Geometry-aware Active Learning of Spatiotemporal Dynamic Systems
Journal:
arXiv
Published Date:
Apr 26, 2025
Abstract
Rapid developments in advanced sensing and imaging have significantly
enhanced information visibility, opening opportunities for predictive modeling
of complex dynamic systems. However, sensing signals acquired from such complex
systems are often distributed across 3D geometries and rapidly evolving over
time, posing significant challenges in spatiotemporal predictive modeling. This
paper proposes a geometry-aware active learning framework for modeling
spatiotemporal dynamic systems. Specifically, we propose a geometry-aware
spatiotemporal Gaussian Process (G-ST-GP) to effectively integrate the temporal
correlations and geometric manifold features for reliable prediction of
high-dimensional dynamic behaviors.

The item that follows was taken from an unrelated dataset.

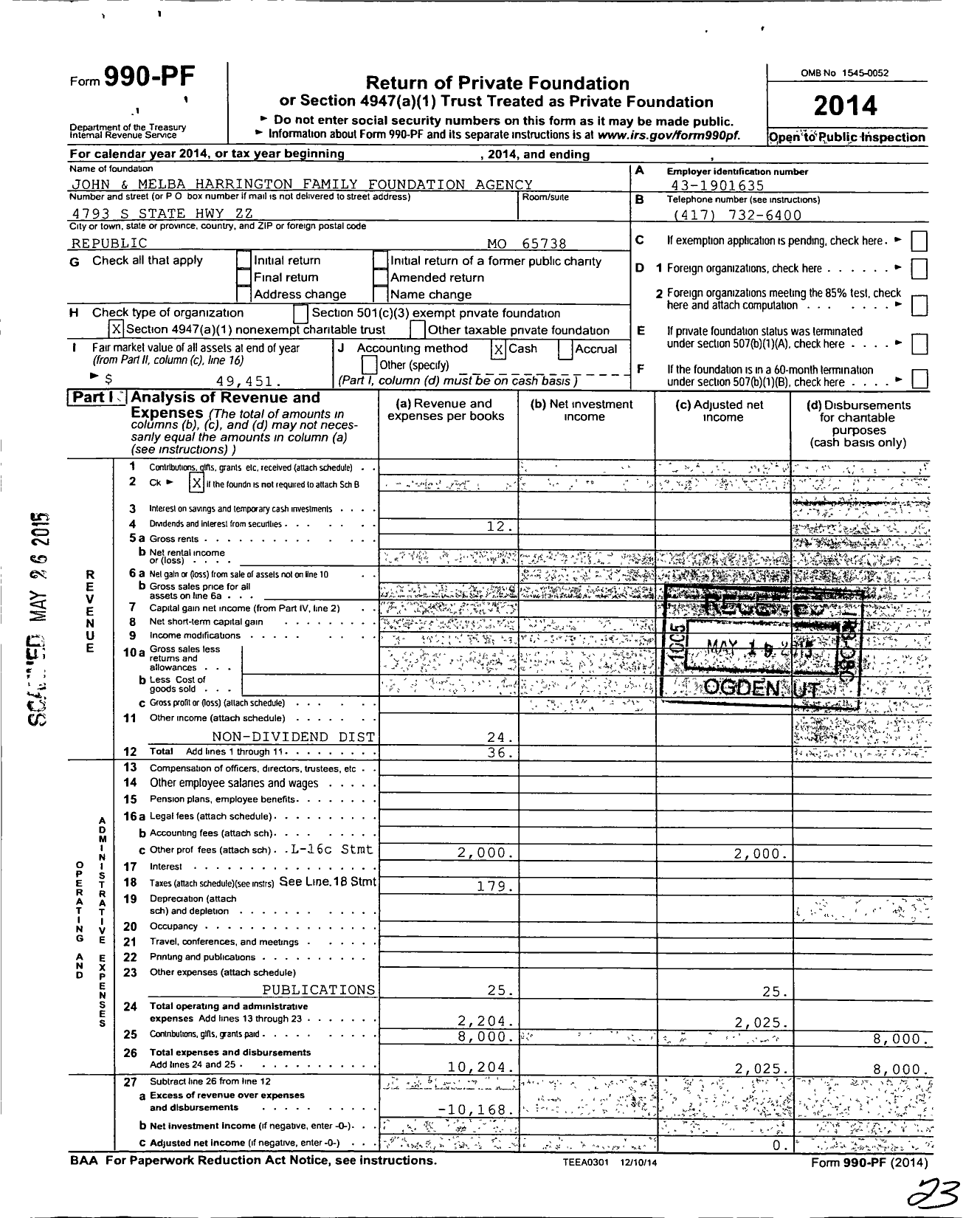 Image of first page of 2014 Form 990PF for John and Melba Harrington Family Foundation Agency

In addition, we develop an adaptive active
learning strategy to strategically identify informative spatial locations for
data collection and further maximize the prediction accuracy. This strategy
achieves the adaptive trade-off between the prediction uncertainty in the
G-ST-GP model and the space-filling design guided by the geodesic distance
across the 3D geometry. We implement the proposed framework to model the
spatiotemporal electrodynamics in a 3D heart geometry. Numerical experiments
show that our framework outperforms traditional methods lacking the mechanism
of geometric information incorporation or effective data collection.